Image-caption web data

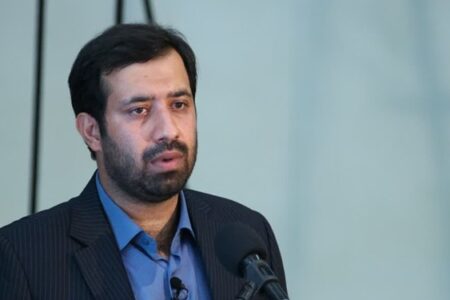برگزاری نمایشگاه‌های دانش‌آموزی مدرسه انقلاب در کرمان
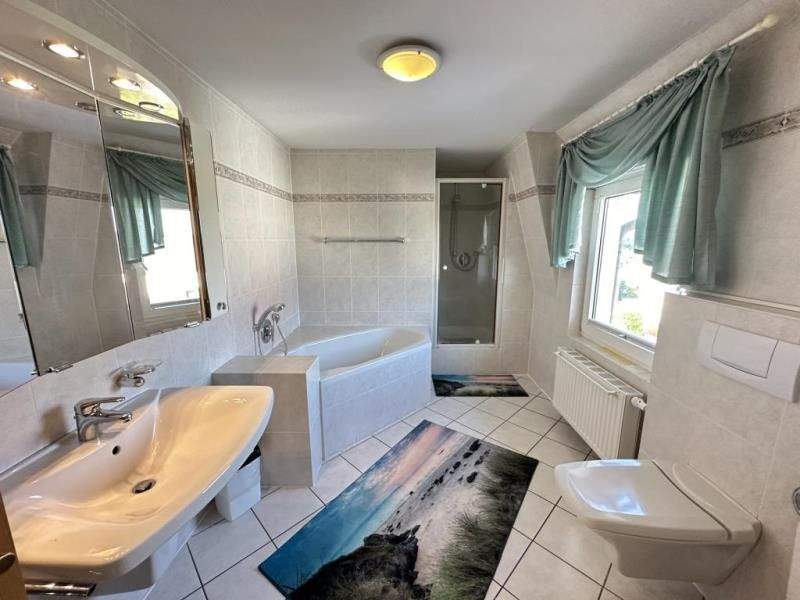 Immobilie in Felsberg - **Familie und Beruf unter einem Dach** Gepflegtes Zweifamilienwohnhaus mit Garage in Felsberg-Rhünda - Bild 6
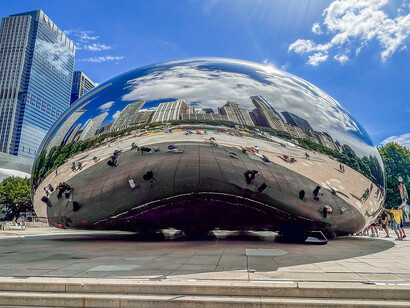 Anish Kapoor – Cloud Gate (2006), Situated in Chicago’s Millennium Park, Cloud Gate is a polished stainless-steel sculpture that mirrors the city skyline and sky, encouraging viewers to see themselves within its fluid reflections. Costing about $23 million USD and funded by the Millennium Park Foundation with support from BP, the work stands 10 m high, 20 m long, and 13 m wide, weighing roughly 110 tons. Image credit: © Anish Kapoor. All rights reserved (2004–2006)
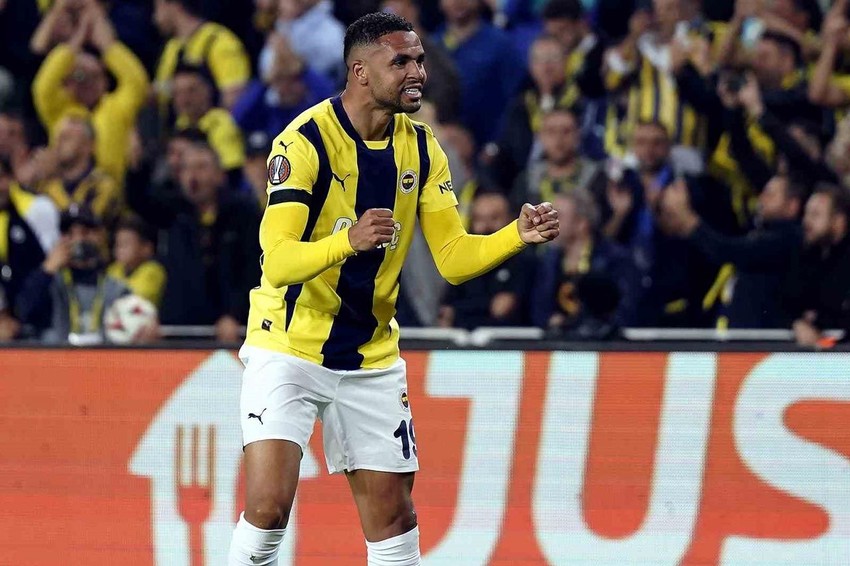 Osimhen'den ret yiyen Al-Hilal Fenerbahçeli yıldızı listeye aldı - Resim: 1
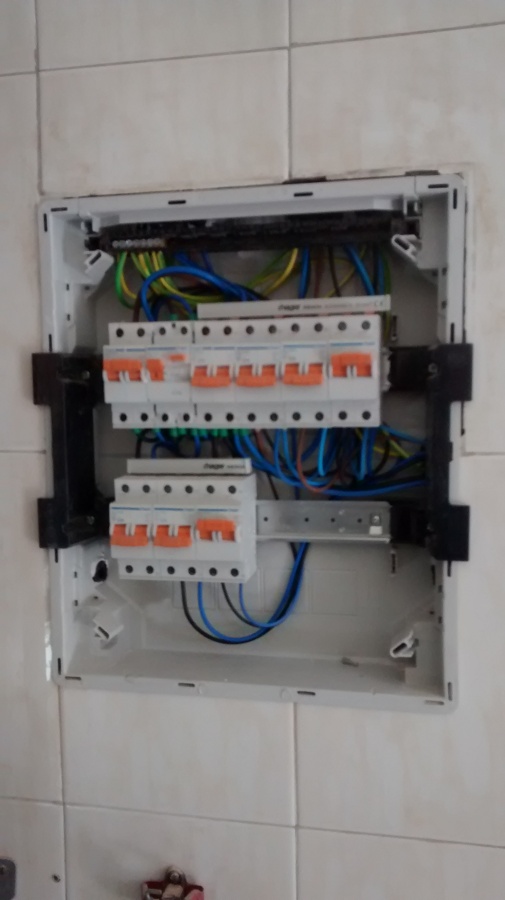 SUSTITUCIÓN CUADRO ELÉCTRICO II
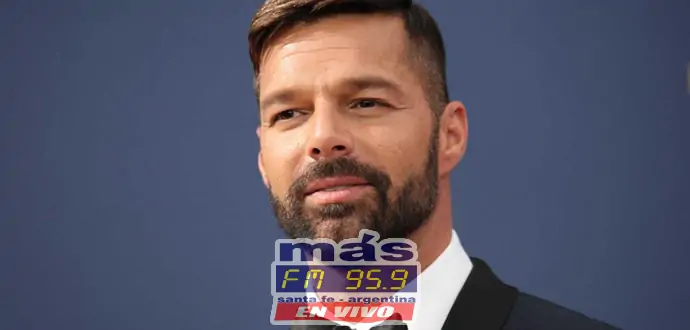 Ricky Martin y su pareja, el artista plástico Jwan Yosef, se convirtieron en padres de un varón. El cantante boricua confirmó la noticia de convertirse en papá de su cuarto hijo, con una foto que compartió en su cuenta de Instagram, en la que está con su bebé en brazos junto a su marido. Ricky Martin y su pareja, el artista plástico Jwan Yosef, se convirtieron en padres de un varón. El cantante boricua confirmó la noticia de convertirse en papá de su cuarto hijo, con una foto que compartió en su cuenta de Instagram, en la que está con su bebé en brazos junto a su marido.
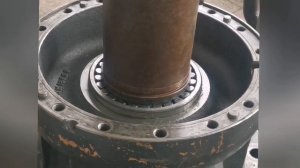 Замена сальника и подшипника редуктора поворота экскаватора Доосан 300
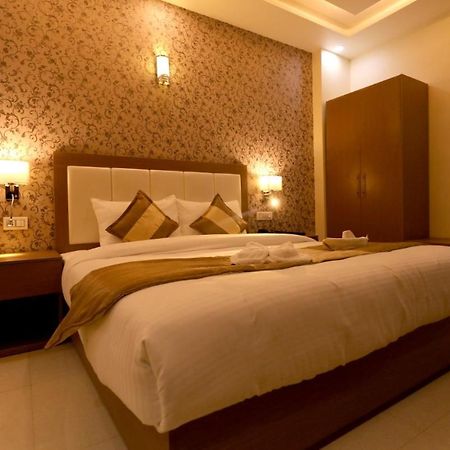 Hotel Yuvraj Grand Jabalpur Buitenkant foto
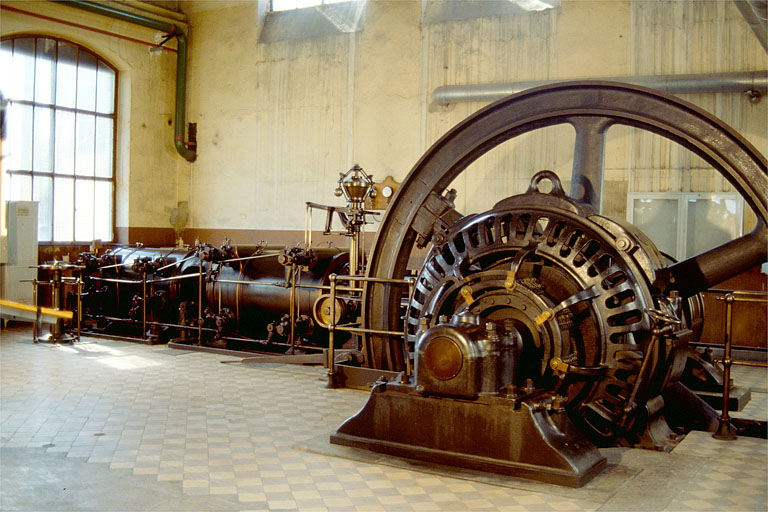 Salle des machines (10) : machine à vapeur Crepelle et Cie.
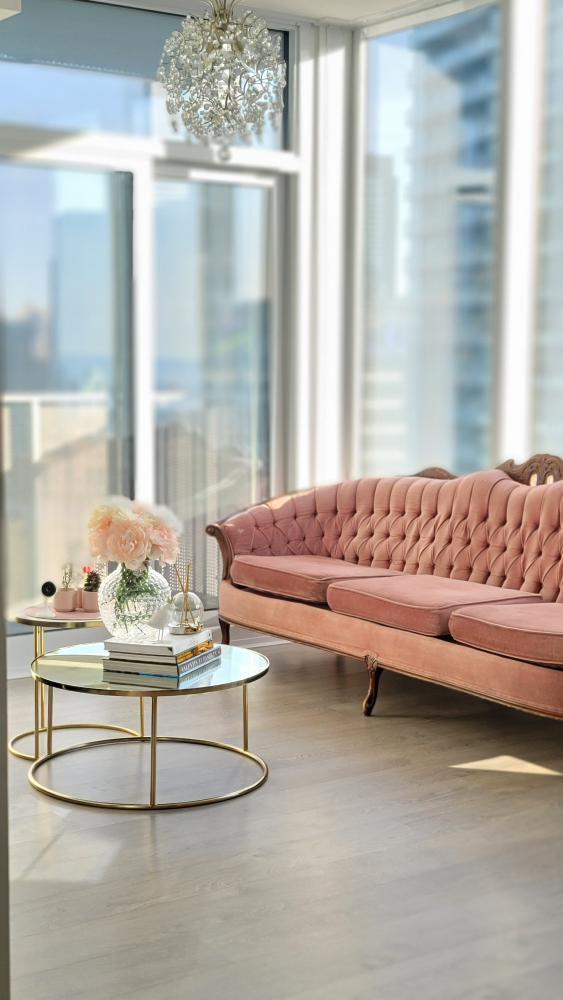 beautiful vintage sofa & love seat thumbnail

## TASK PROMPT
Your task is to reproduce exactly the lines running from the line that contains "Замена сальника и" to the end of the records, pictures excluded.

## RESPONSE TO THIS EXERCISE
 Замена сальника и подшипника редуктора поворота экскаватора Доосан 300
 Hotel Yuvraj Grand Jabalpur Buitenkant foto
 Salle des machines (10) : machine à vapeur Crepelle et Cie.
 beautiful vintage sofa & love seat thumbnail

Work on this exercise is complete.